Deep sea trenches eyed for carbon dioxide storage
As the need to reduce greenhouse gas emissions associated with global warming becomes more urgent, scientists are looking at scope to use the sea as a place to sequester carbon.
On land, carbon dioxide has been pumped into underground reservoirs since the 1970s --- often to help extract remaining oil and gas reserves --- but there is more storage capacity available in offshore sedimentary basins than onshore, explains Mike Sandiford, professor of geology at the University of Melbourne.
Storing carbon dioxide in offshore underground reservoirs is more expensive and challenging than onshore, however, because there is not the required infrastructure in place to do so, and "it is a more aggressive and unpredictable environment", he says.
New offshore carbon capture and storage (CCS) projects cost billions of dollars, says Niall Mac Dowell, senior lecturer in energy and environmental technology and policy at Imperial College London. "The size of investment is larger, so the cost of failure is obviously much greater. Because cost of failure is greater, the appetite for risk is much lower," he says.

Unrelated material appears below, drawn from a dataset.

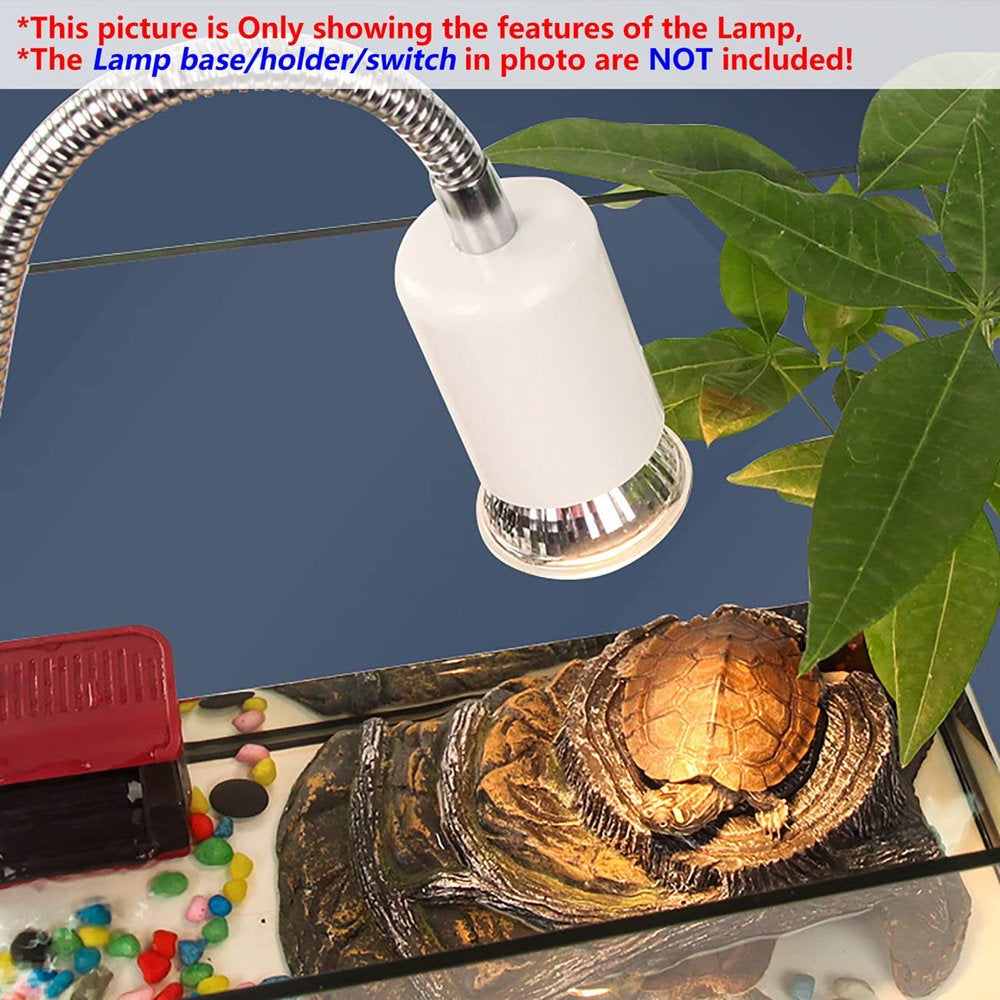 Reptile Heat Lamp,Heat Spotlight for Aquarium Reptile,Reptiles Habitat Sun Heat Lamp Bulb,Uva UVB Light Pet Heating Bulb(25W,110V)  Heat Lamp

An under-sea scheme makes economic sense in oil producer Norway, where taxes on carbon emissions from the burning of fossil fuels make burying carbon under the seabed cheaper than releasing it into the atmosphere. Over the last 20 years more than 16m tonnes of carbon dioxide emitted from the Sleipner power plant has been captured and pumped in liquid form into a deep saline reservoir, 1,000 metres below sea level. However, there is a question over how much appetite there will be for such schemes elsewhere.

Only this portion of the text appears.